Selon le Dr NAMOI Ahiza Célestine, Assistant à l'ENS, dans son document intitulé "Les funérailles du beau-père chez les guéré de Duekoué et Bangolo, d'hier à aujourd'hui d'après les témoignages des anciens : une construction à l'histoire culturelle du peuple Wè", le gendre informé du décès de son beau-père, porte la nouvelle à son tour à son épouse dont les pleurs attirent l’attention des voisins et la triste nouvelle se propage à travers le village. Sans tarder, le couple se rend au domicile du défunt pour le couvrir avec un pagne traditionnel. Le premier geste, sur le lieu, est de pleurer et de saluer toute la maisonnée. Ensuite, le gendre pose la question rituelle au neveu : ‘’où se trouve mon beau-père ?’’ ; Le neveu répond par la formule consacrée : ‘’le corps de ton beau-père est dans la maison, va voir’’. Le gendre entre alors dans la chambre mortuaire et couvre le cadavre du pagne traditionnel, lequel servira à l’enterrement. Après cette étape, le gendre retourne auprès de son père qui convoque sa famille par le biais du chef de famille pour porter la triste nouvelle du décès du beau-père à sa connaissance. Ensemble, ils décident des dispositions à prendre pour les préparatifs et pour honorer leur engagement, preuve qu’en pays guéré, le gendre n’est pas tout seul à assumer les charges qui lui reviennent en cas de décès dans sa belle-famille. Il est aidé par sa famille et les membres du quartier, parce qu’il faut enterrer dignement le beau-père pour une question d’honneur.

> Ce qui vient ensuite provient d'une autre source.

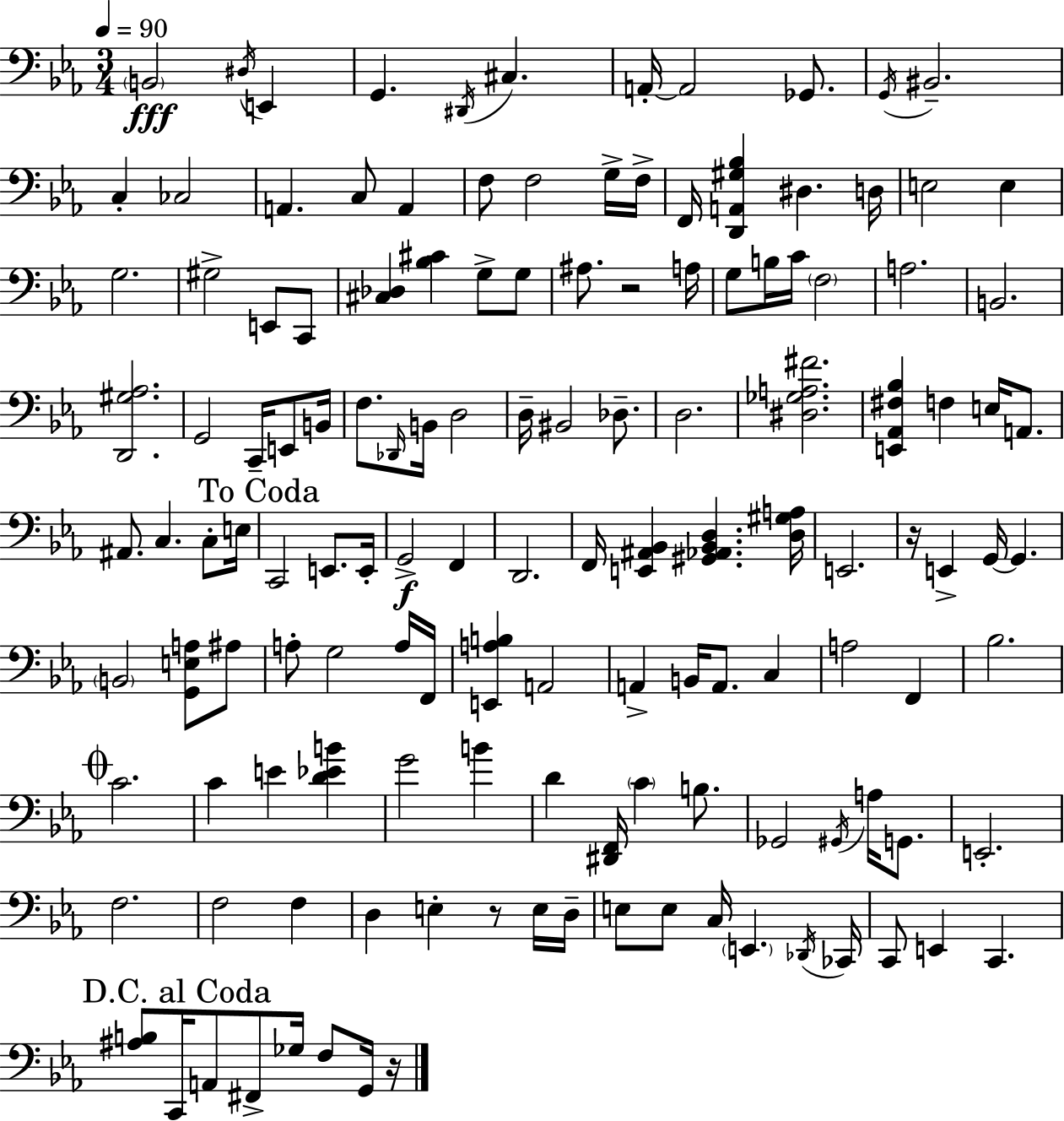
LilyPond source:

{
  \clef bass
  \numericTimeSignature
  \time 3/4
  \key c \minor
  \tempo 4 = 90
  \repeat volta 2 { \parenthesize b,2\fff \acciaccatura { dis16 } e,4 | g,4. \acciaccatura { dis,16 } cis4. | a,16-.~~ a,2 ges,8. | \acciaccatura { g,16 } bis,2.-- | \break c4-. ces2 | a,4. c8 a,4 | f8 f2 | g16-> f16-> f,16 <d, a, gis bes>4 dis4. | \break d16 e2 e4 | g2. | gis2-> e,8 | c,8 <cis des>4 <bes cis'>4 g8-> | \break g8 ais8. r2 | a16 g8 b16 c'16 \parenthesize f2 | a2. | b,2. | \break <d, gis aes>2. | g,2 c,16-- | e,8 b,16 f8. \grace { des,16 } b,16 d2 | d16-- bis,2 | \break des8.-- d2. | <dis ges a fis'>2. | <e, aes, fis bes>4 f4 | e16 a,8. ais,8. c4. | \break c8-. e16 \mark "To Coda" c,2 | e,8. e,16-. g,2->\f | f,4 d,2. | f,16 <e, ais, bes,>4 <gis, aes, bes, d>4. | \break <d gis a>16 e,2. | r16 e,4-> g,16~~ g,4. | \parenthesize b,2 | <g, e a>8 ais8 a8-. g2 | \break a16 f,16 <e, a b>4 a,2 | a,4-> b,16 a,8. | c4 a2 | f,4 bes2. | \break \mark \markup { \musicglyph "scripts.coda" } c'2. | c'4 e'4 | <d' ees' b'>4 g'2 | b'4 d'4 <dis, f,>16 \parenthesize c'4 | \break b8. ges,2 | \acciaccatura { gis,16 } a16 g,8. e,2.-. | f2. | f2 | \break f4 d4 e4-. | r8 e16 d16-- e8 e8 c16 \parenthesize e,4. | \acciaccatura { des,16 } ces,16 c,8 e,4 | c,4. \mark "D.C. al Coda" <ais b>8 c,16 a,8 fis,8-> | \break ges16 f8 g,16 r16 } \bar "|."
}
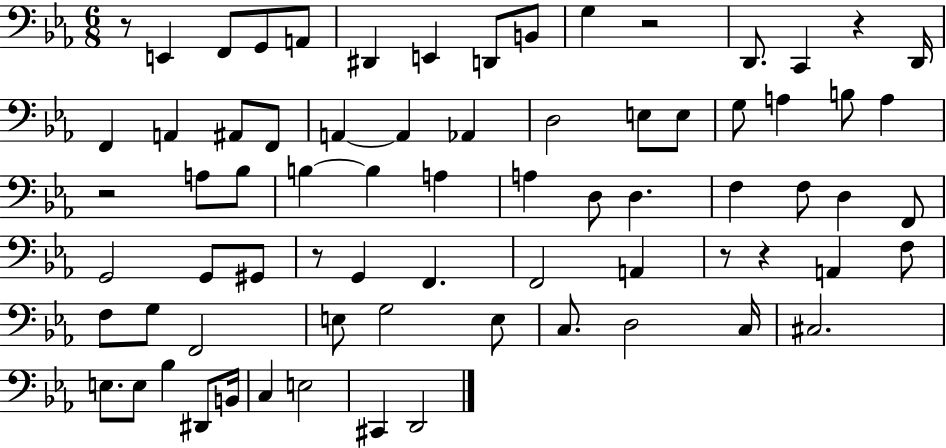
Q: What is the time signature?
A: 6/8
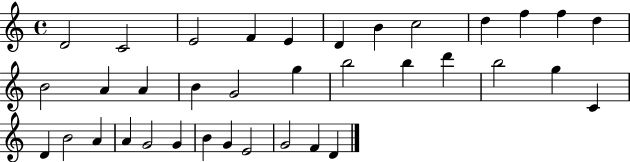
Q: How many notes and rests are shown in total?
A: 36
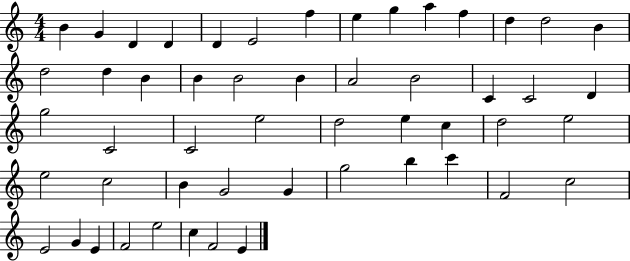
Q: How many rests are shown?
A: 0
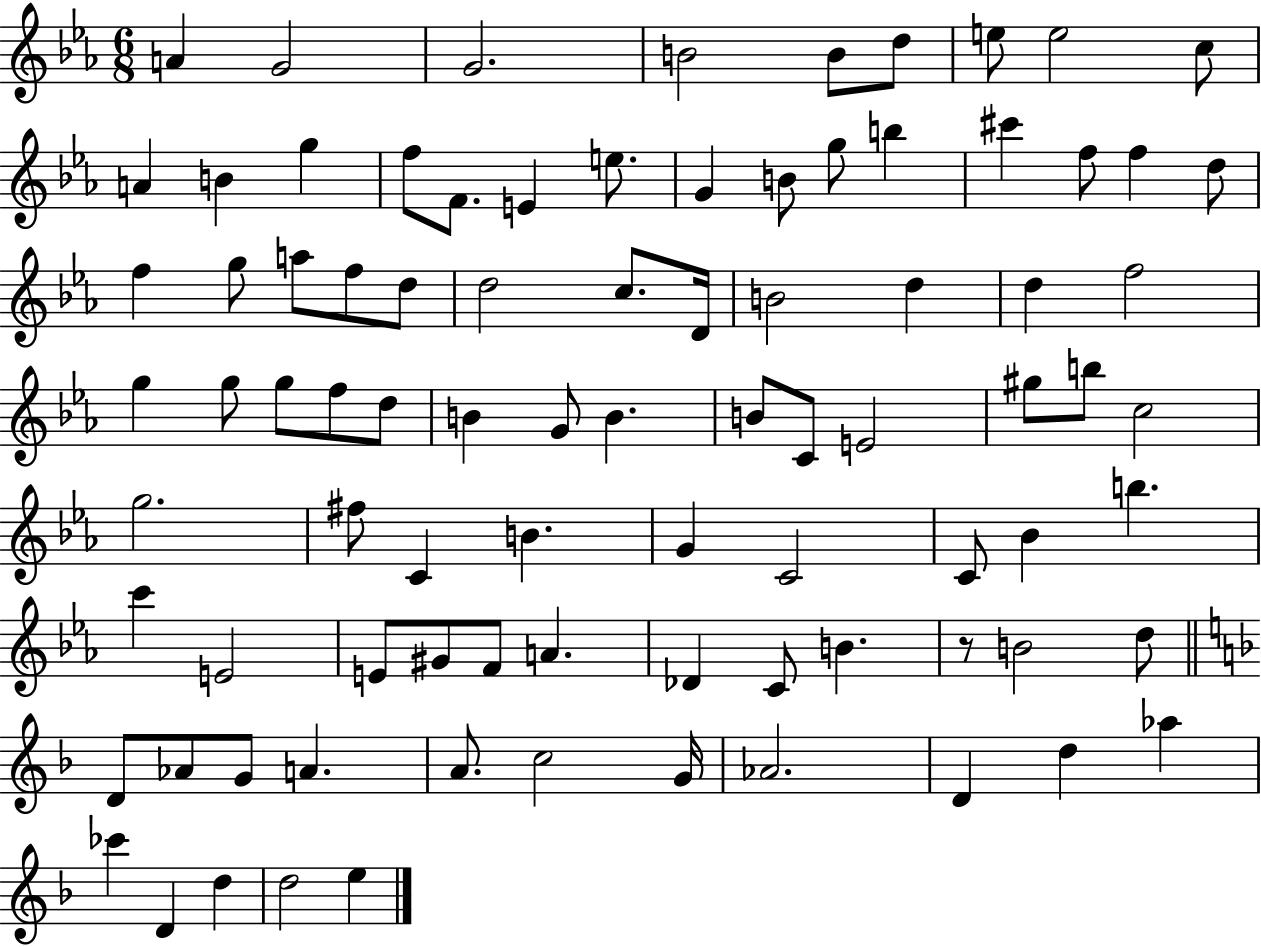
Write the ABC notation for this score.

X:1
T:Untitled
M:6/8
L:1/4
K:Eb
A G2 G2 B2 B/2 d/2 e/2 e2 c/2 A B g f/2 F/2 E e/2 G B/2 g/2 b ^c' f/2 f d/2 f g/2 a/2 f/2 d/2 d2 c/2 D/4 B2 d d f2 g g/2 g/2 f/2 d/2 B G/2 B B/2 C/2 E2 ^g/2 b/2 c2 g2 ^f/2 C B G C2 C/2 _B b c' E2 E/2 ^G/2 F/2 A _D C/2 B z/2 B2 d/2 D/2 _A/2 G/2 A A/2 c2 G/4 _A2 D d _a _c' D d d2 e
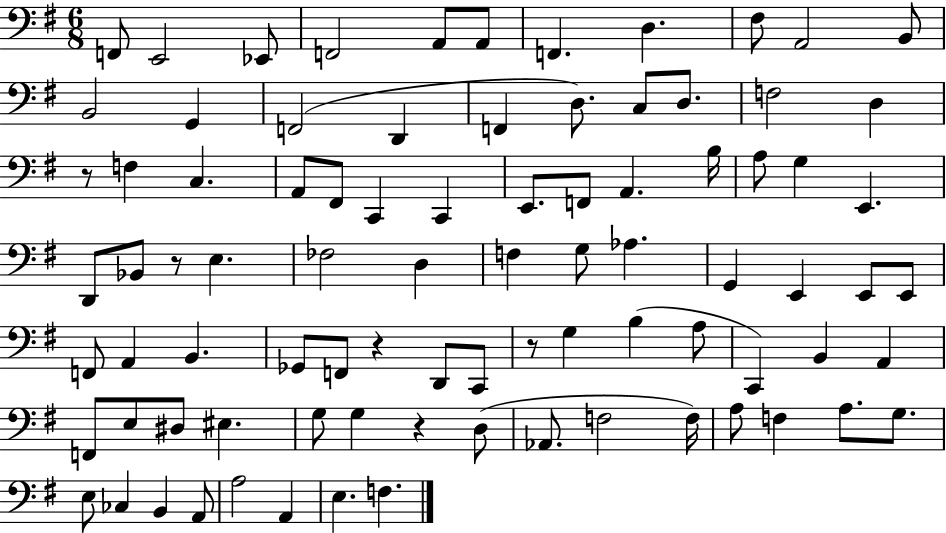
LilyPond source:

{
  \clef bass
  \numericTimeSignature
  \time 6/8
  \key g \major
  f,8 e,2 ees,8 | f,2 a,8 a,8 | f,4. d4. | fis8 a,2 b,8 | \break b,2 g,4 | f,2( d,4 | f,4 d8.) c8 d8. | f2 d4 | \break r8 f4 c4. | a,8 fis,8 c,4 c,4 | e,8. f,8 a,4. b16 | a8 g4 e,4. | \break d,8 bes,8 r8 e4. | fes2 d4 | f4 g8 aes4. | g,4 e,4 e,8 e,8 | \break f,8 a,4 b,4. | ges,8 f,8 r4 d,8 c,8 | r8 g4 b4( a8 | c,4) b,4 a,4 | \break f,8 e8 dis8 eis4. | g8 g4 r4 d8( | aes,8. f2 f16) | a8 f4 a8. g8. | \break e8 ces4 b,4 a,8 | a2 a,4 | e4. f4. | \bar "|."
}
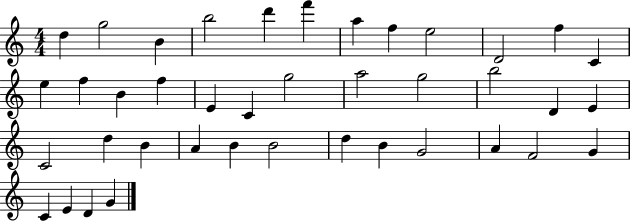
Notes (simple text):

D5/q G5/h B4/q B5/h D6/q F6/q A5/q F5/q E5/h D4/h F5/q C4/q E5/q F5/q B4/q F5/q E4/q C4/q G5/h A5/h G5/h B5/h D4/q E4/q C4/h D5/q B4/q A4/q B4/q B4/h D5/q B4/q G4/h A4/q F4/h G4/q C4/q E4/q D4/q G4/q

Les charges sont composées de :

• 1000 noix de colas 18 emballées dans un panier tissé avec des feuilles de palmier ;

• un bœuf, un mouton ou un cabri ;

• des pagnes traditionnels guéré ;

• un panier de riz blanc décortiqué ;

• la boisson traditionnelle extraite du raphia appelée bangui (5 à 6 calebasses).

Pour les préparatifs, un délai de trois jours est donné aux deux familles pour réunir tout ce qui est recommandé par la tradition pour l’inhumation, et permettre aux parents éloignés d’arriver à temps pour l’enterrement.

Ça semble compliqué, mais c'est notre culture et nous devons nous en accommoder.